**Work to complete**
Although the data below contains pictures, output only the lines between those holding "Barbe noire accessoire de costume chevalier" and "Voile uni rideaux", inclusive, exactly and without those pictures.
*** Opening of Entries supplied ***
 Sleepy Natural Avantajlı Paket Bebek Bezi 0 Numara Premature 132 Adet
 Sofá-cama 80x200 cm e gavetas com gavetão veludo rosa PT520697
*** Close of Entries supplied ***
*** Opening of Entries supplied ***
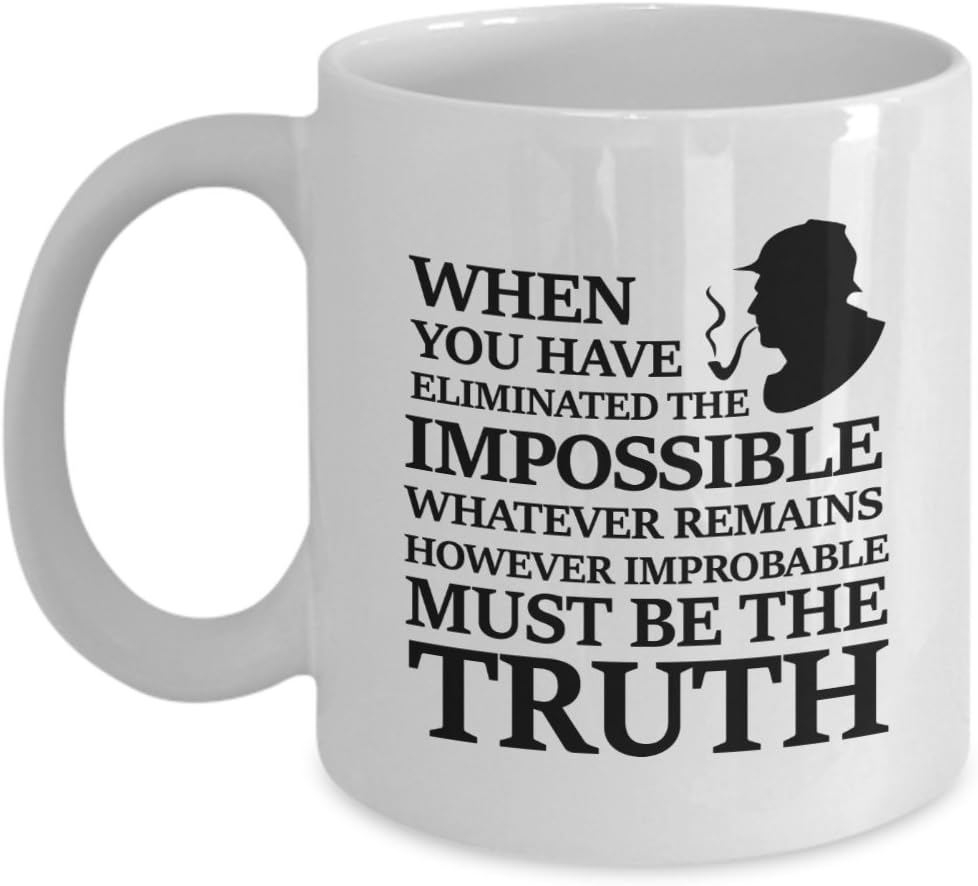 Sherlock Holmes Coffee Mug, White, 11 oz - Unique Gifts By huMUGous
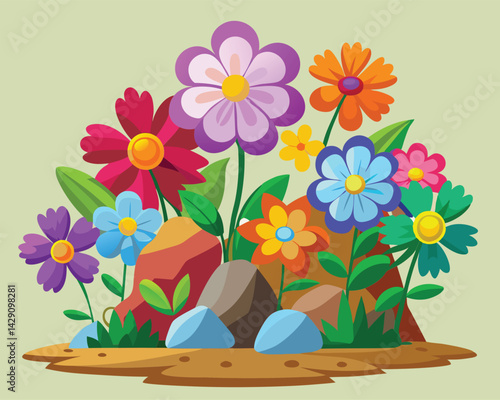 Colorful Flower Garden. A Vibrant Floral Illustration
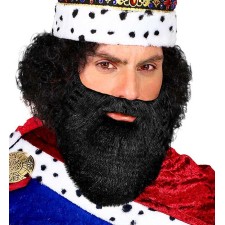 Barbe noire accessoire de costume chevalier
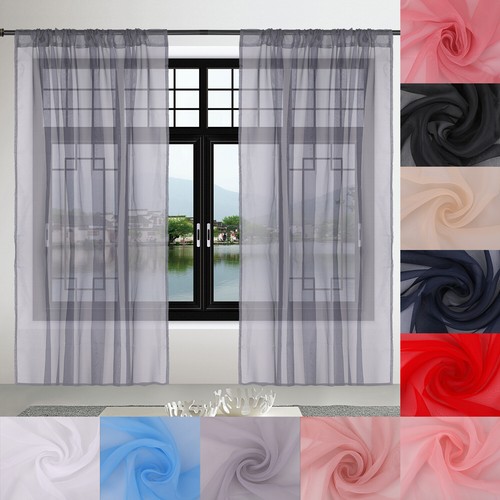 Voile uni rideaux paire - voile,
*** Close of Entries supplied ***
**Answer section**
 Barbe noire accessoire de costume chevalier
 Voile uni rideaux paire - voile,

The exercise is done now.